A. D. : Nous y reviendrons M. Ould Abdallah. Tout en regrettant l’acte, le ministre malien des affaires étrangères le qualifie de conjoncturel, il a été rejoint par le président mauritanien qui l’impute aussi à la situation de crise que traverse le Mali, l’incident était-il prévisible ? Pouvait-il être évité ? Autrement dit, le moment était-il bien choisi pour effectuer un tel déplacement ?

AOA : Les gens qui ont fait le déplacement, je pense, l’ont vraisemblablement fait de bonne foi. Ils ne pouvaient pas imaginer que la situation sécuritaire s’est détériorée à un tel point. Ce qu’ils ne savent pas, et que beaucoup de gens des populations frontalières ne savent pas, c’est qu’il y a un engrenage. Dès qu’elle s’effectue dans un environnement, la violence appelle la violence et elle couvre tous les domaines. Par exemple cet incident a été suivi d’un mouvement de panique dans les camps de réfugiés mais aussi chez les nomades de la région qui ont tous pensé qu’il y aurait représailles, contre-représailles et beaucoup ont traversé la frontière.
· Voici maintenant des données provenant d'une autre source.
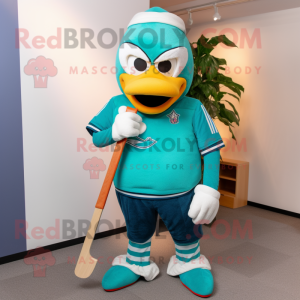 Teal Ice Hockey Stick mascot costume character dressed with a Joggers and Watches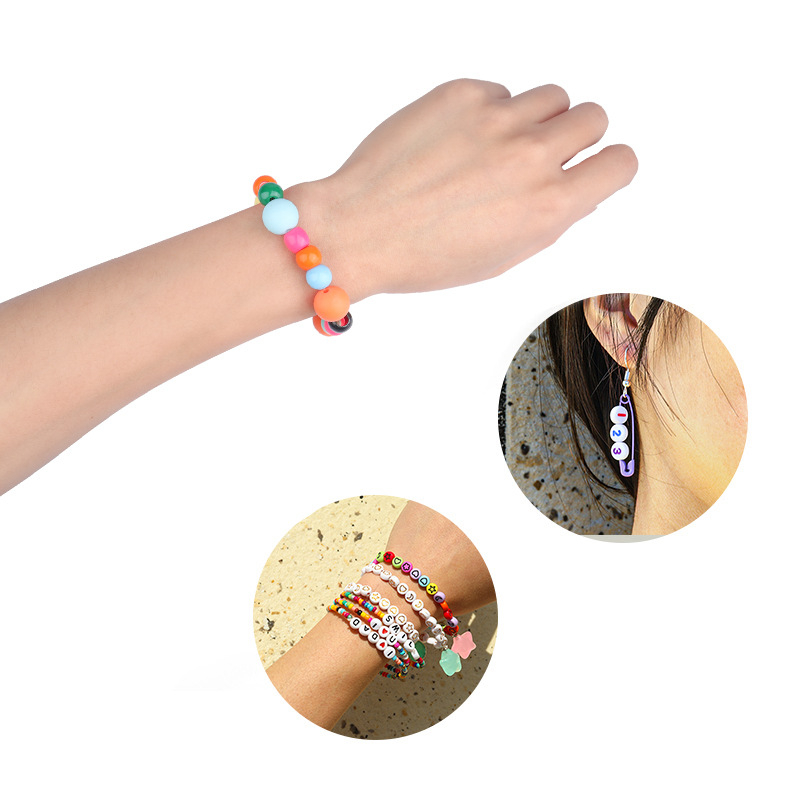 (100er Set) 5mm Perlen DIY Bastel Schmuck Runde Zwischenperle für Armband / Kette - Pastell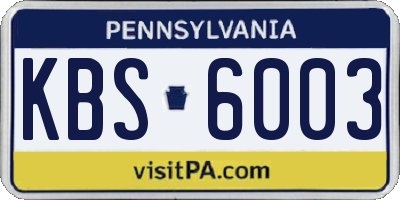 PA license plate KBS6003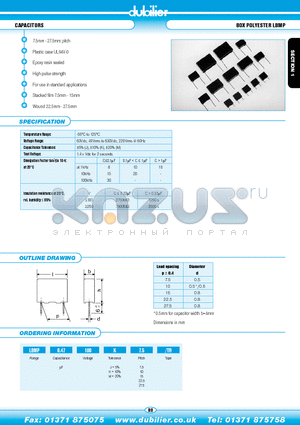 LBMP0.47100K15-TR datasheet - CAPACITORS BOX POLYESTER LBMP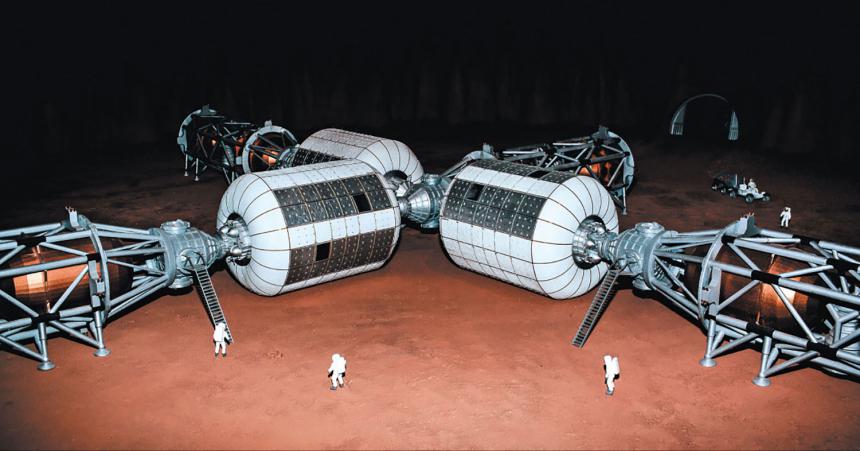 Mars base comprised of B330 modules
Donc il faut toujours aller au-delà de l’événement et situer le tout son le contexte…

A.D. : Les mouvements terroristes ont d’ailleurs considéré cet acte comme une déclaration de guerre et ont appelé à la vengeance, donc ces inquiétudes dans les camps de réfugiés et chez les populations nomades était quelque part justifiées, non ?

AOA : Oui les réfugiés, on les comprend parfaitement. Ils vivent dans l’inquiétude depuis plusieurs mois et s’ils entendent les communiqués des mouvements qui contrôlent le nord du Mali, mais ces mouvements ont intérêt à maintenir la tension, pour plusieurs raisons. D’abord pour légitimer leur présence ; ensuite pour facilités de recrutement, enfin pour justifier les violences contre les populations ou ce qu’ils considèrent comme l’autorité, les corrompus ainsi de suite.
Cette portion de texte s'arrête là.